### Prompt
Each line from the one containing "- LTB Women Shoes - 1579" to the end of the entries below is to be set down exactly; the pictures are not.

Top of Material for this exercise

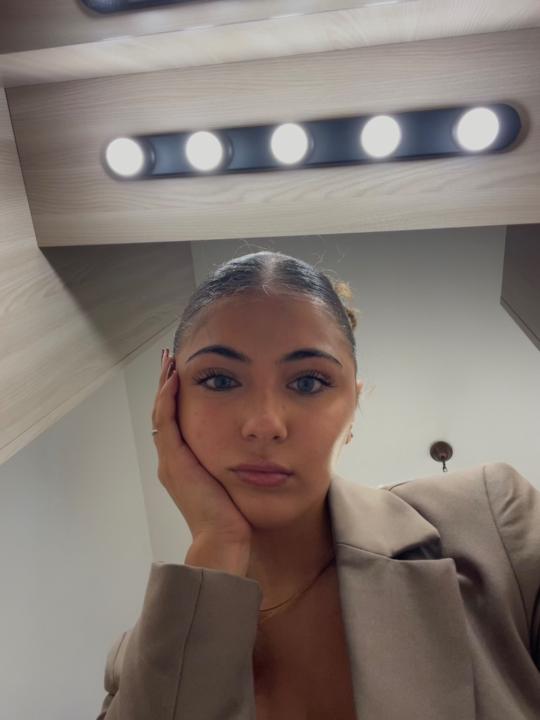 Benedetta Capone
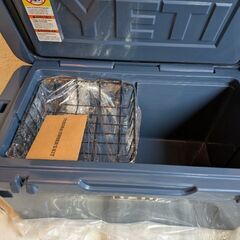 YETI　TUNDRA65　NAVYの画像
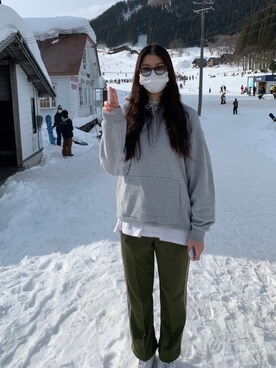 kaさんのコーディネート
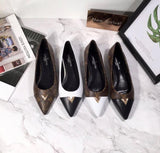 Luxe Touch Bags 

 - LTB Women Shoes - 1579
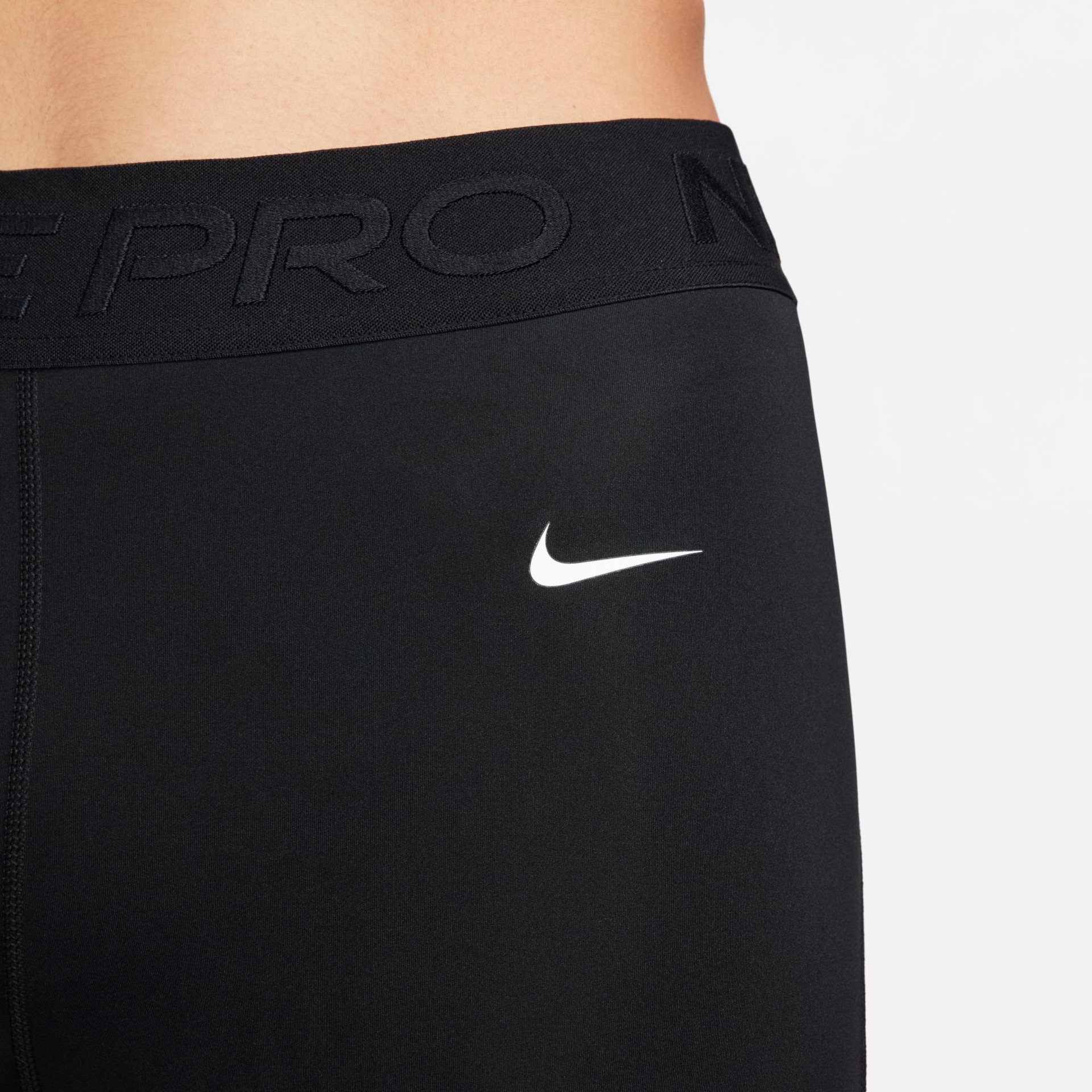 Legging Nike Pro Dri-FIT Feminina - Foto 3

Bottom of Material for this exercise

### Written response
 - LTB Women Shoes - 1579
 Legging Nike Pro Dri-FIT Feminina - Foto 3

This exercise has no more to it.